[Task instructions]
Starting at the top of the entries below, set down every line exactly, please, until you reach the line with "Aurora | Padded winter coat with fur collar", which is included too.

[Records provided]
Segment Open
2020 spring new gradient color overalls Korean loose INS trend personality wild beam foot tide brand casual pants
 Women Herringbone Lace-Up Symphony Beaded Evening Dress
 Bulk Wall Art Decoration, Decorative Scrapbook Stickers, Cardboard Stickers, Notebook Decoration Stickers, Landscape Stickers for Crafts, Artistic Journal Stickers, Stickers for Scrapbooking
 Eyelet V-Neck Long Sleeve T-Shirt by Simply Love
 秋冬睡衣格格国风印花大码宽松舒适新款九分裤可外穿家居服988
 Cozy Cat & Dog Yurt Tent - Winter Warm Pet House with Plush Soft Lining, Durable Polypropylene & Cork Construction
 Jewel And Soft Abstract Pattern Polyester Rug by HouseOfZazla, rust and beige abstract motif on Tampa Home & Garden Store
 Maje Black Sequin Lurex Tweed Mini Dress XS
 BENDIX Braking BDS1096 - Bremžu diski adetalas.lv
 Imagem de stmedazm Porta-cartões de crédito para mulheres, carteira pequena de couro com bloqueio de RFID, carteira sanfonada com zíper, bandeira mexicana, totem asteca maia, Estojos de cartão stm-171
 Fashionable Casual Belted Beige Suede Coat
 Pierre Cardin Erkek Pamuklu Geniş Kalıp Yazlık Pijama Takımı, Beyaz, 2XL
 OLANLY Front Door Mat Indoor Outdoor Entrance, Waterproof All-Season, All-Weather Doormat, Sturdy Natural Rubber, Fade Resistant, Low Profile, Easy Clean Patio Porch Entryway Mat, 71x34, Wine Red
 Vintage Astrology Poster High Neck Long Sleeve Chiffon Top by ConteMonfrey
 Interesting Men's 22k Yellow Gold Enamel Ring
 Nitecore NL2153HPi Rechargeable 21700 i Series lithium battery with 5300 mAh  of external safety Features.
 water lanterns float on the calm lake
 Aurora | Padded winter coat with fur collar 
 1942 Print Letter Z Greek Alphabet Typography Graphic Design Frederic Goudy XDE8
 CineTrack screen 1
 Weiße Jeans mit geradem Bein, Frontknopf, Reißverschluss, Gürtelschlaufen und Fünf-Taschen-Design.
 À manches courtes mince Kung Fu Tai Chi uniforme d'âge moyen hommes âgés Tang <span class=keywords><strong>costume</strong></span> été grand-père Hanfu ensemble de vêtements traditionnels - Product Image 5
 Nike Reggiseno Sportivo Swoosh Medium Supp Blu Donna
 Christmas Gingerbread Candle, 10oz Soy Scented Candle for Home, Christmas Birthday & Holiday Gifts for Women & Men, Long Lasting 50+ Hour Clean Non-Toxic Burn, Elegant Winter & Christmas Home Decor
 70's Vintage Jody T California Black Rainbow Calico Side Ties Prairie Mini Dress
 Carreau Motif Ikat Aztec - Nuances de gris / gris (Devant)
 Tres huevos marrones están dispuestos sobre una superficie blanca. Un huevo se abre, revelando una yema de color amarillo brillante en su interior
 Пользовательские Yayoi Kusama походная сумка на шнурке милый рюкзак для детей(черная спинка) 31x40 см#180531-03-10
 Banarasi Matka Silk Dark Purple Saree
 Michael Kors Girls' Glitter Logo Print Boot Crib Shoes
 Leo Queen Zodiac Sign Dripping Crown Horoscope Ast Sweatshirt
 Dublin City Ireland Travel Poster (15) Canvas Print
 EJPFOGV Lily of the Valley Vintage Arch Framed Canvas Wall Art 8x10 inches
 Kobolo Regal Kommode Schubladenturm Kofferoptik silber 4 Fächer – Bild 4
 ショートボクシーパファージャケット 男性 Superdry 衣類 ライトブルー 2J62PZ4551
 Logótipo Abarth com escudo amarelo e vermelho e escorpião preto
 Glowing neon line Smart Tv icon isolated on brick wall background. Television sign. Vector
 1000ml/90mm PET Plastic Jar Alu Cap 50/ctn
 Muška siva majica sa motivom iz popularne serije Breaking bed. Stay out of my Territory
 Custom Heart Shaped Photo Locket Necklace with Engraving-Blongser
Segment Closed
[Finished task]
2020 spring new gradient color overalls Korean loose INS trend personality wild beam foot tide brand casual pants
 Women Herringbone Lace-Up Symphony Beaded Evening Dress
 Bulk Wall Art Decoration, Decorative Scrapbook Stickers, Cardboard Stickers, Notebook Decoration Stickers, Landscape Stickers for Crafts, Artistic Journal Stickers, Stickers for Scrapbooking
 Eyelet V-Neck Long Sleeve T-Shirt by Simply Love
 秋冬睡衣格格国风印花大码宽松舒适新款九分裤可外穿家居服988
 Cozy Cat & Dog Yurt Tent - Winter Warm Pet House with Plush Soft Lining, Durable Polypropylene & Cork Construction
 Jewel And Soft Abstract Pattern Polyester Rug by HouseOfZazla, rust and beige abstract motif on Tampa Home & Garden Store
 Maje Black Sequin Lurex Tweed Mini Dress XS
 BENDIX Braking BDS1096 - Bremžu diski adetalas.lv
 Imagem de stmedazm Porta-cartões de crédito para mulheres, carteira pequena de couro com bloqueio de RFID, carteira sanfonada com zíper, bandeira mexicana, totem asteca maia, Estojos de cartão stm-171
 Fashionable Casual Belted Beige Suede Coat
 Pierre Cardin Erkek Pamuklu Geniş Kalıp Yazlık Pijama Takımı, Beyaz, 2XL
 OLANLY Front Door Mat Indoor Outdoor Entrance, Waterproof All-Season, All-Weather Doormat, Sturdy Natural Rubber, Fade Resistant, Low Profile, Easy Clean Patio Porch Entryway Mat, 71x34, Wine Red
 Vintage Astrology Poster High Neck Long Sleeve Chiffon Top by ConteMonfrey
 Interesting Men's 22k Yellow Gold Enamel Ring
 Nitecore NL2153HPi Rechargeable 21700 i Series lithium battery with 5300 mAh  of external safety Features.
 water lanterns float on the calm lake
 Aurora | Padded winter coat with fur collar 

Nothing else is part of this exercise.